本願発明のいくつかの実施態様において、前述のGC-MSにおいて、ポリエステル組成物が、長さ30m、内径250μm及びフィルム厚さ0.25μmのZB-1キャピラリーカラムに装填され、以下の条件:100%ジメチルポリシロキサンの固定相、流速1.8ml/分のヘリウムのキャリアガス、50℃で5分間、10℃/分の速度での50℃から330℃への昇温、330℃で27分間の連続の段階的温度、入口温度350℃、電子エネルギー70eV(電子ボルト)、イオン源温度250℃、四重極質量フィルターの使用、界面温度340℃、29.0m/z~900m/zの質量スキャン範囲、及び1.5分間の溶媒遅延時間で特徴づけられる。
上述のGC-MS分析は、以下の通り、行われる。最初に、ポリエステル組成物が、長さ30m、内径250μm及びフィルム厚さ0.25μmのZB-1キャピラリーカラムに装填される。次に、GC分析が、以下の条件:100%ジメチルポリシロキサンの固定相、流速1.8ml/分のヘリウムのキャリアガス、50℃で5分間、10℃/分の速度での50℃から330℃への昇温、330℃で27分間の連続の段階的温度、入口温度350℃、電子エネルギー70eV(電子ボルト)、イオン源温度250℃、四重極質量フィルターの使用、界面温度340℃、29.0m/z~900m/zの質量スキャン範囲、及び1.5分間の溶媒遅延時間で行われる。

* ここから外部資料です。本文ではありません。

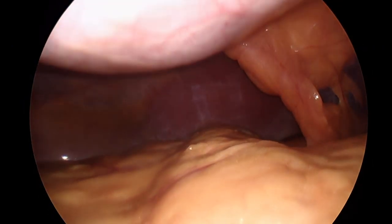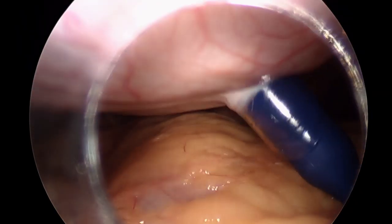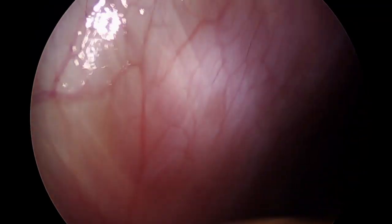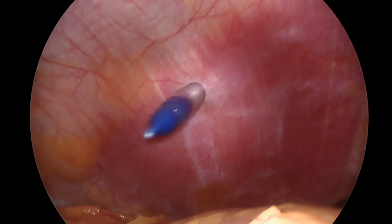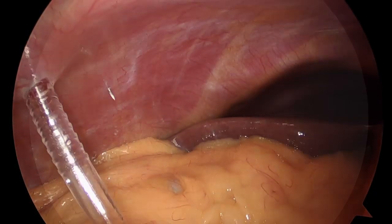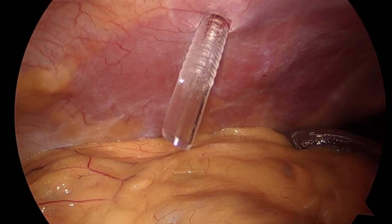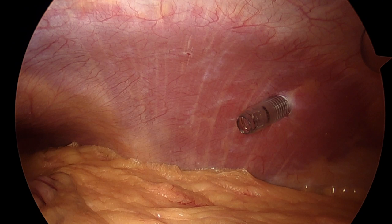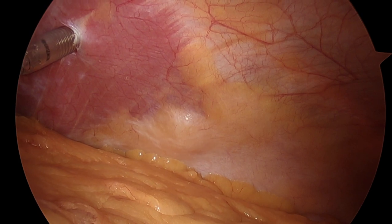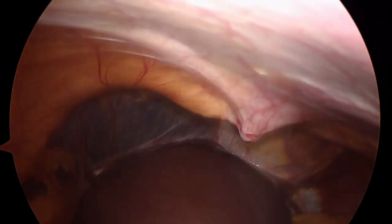After confirming no injury during Veress needle or trocar insertion, we proceed with placing our remaining ports under direct visualization, including a 12 mm left periumbilical port for the laparoscope, a 5 mm right subcostal trocar approximately two finger breadths below the liver edge, and a 15 mm port in the right hemiabdomen between the right subcostal port and the umbilicus. It is important not to place the 15 mm port too cephalad, as this will make articulation of the first staple fire difficult due to proximity to the gastric antrum. We routinely perform a bilateral TAP block in four quadrants using diluted liposomal bupivacaine, injected into the plane between the internal oblique and transversus abdominis muscle layers for regional postoperative pain control.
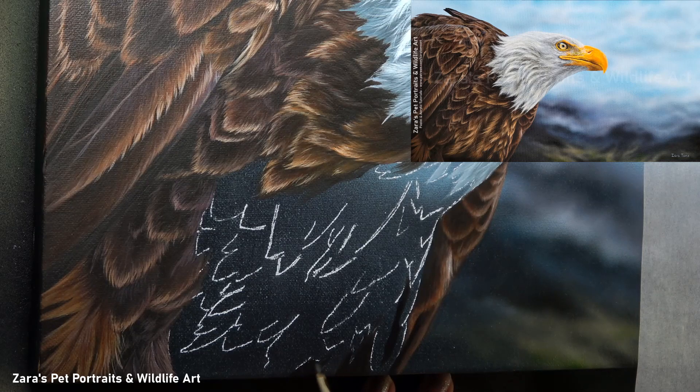Hi everyone, so in this tutorial I'm going to be showing you how to paint realistic feathers in this step-by-step tutorial. Now let's jump straight into it. So the first thing that I personally like to do is make sense of the main sets of feathers that I can see in the reference photo. My first biggest tip is when you do your transfer or you're sketching your feathers out, don't sketch in every single one.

前処理したサンプルを、長さ30m、内径250μm及びフィルム厚さ0.25μmのZB-1キャピラリーカラムに装填する。続いて、サンプルをガスクロマトグラフ質量分析計(モデル:QP 2020,株式会社島津製作所)を用いて分析する。100%ジメチルポリシロキサンを固定相として用い、流速1.8ml/分のヘリウムをキャリアガスとして用い、50℃で5分間、10℃/分の速度での50℃から330℃への昇温、330℃で27分間の連続の段階的温度を行う。その後、GC-MS分析を、以下の条件:入口温度350℃、電子エネルギー70eV(電子ボルト)、イオン源温度250℃、四重極質量フィルターの使用、界面温度340℃、29.0m/z~900m/zの質量スキャン範囲、及び1.5分間の溶媒遅延時間で、行われる。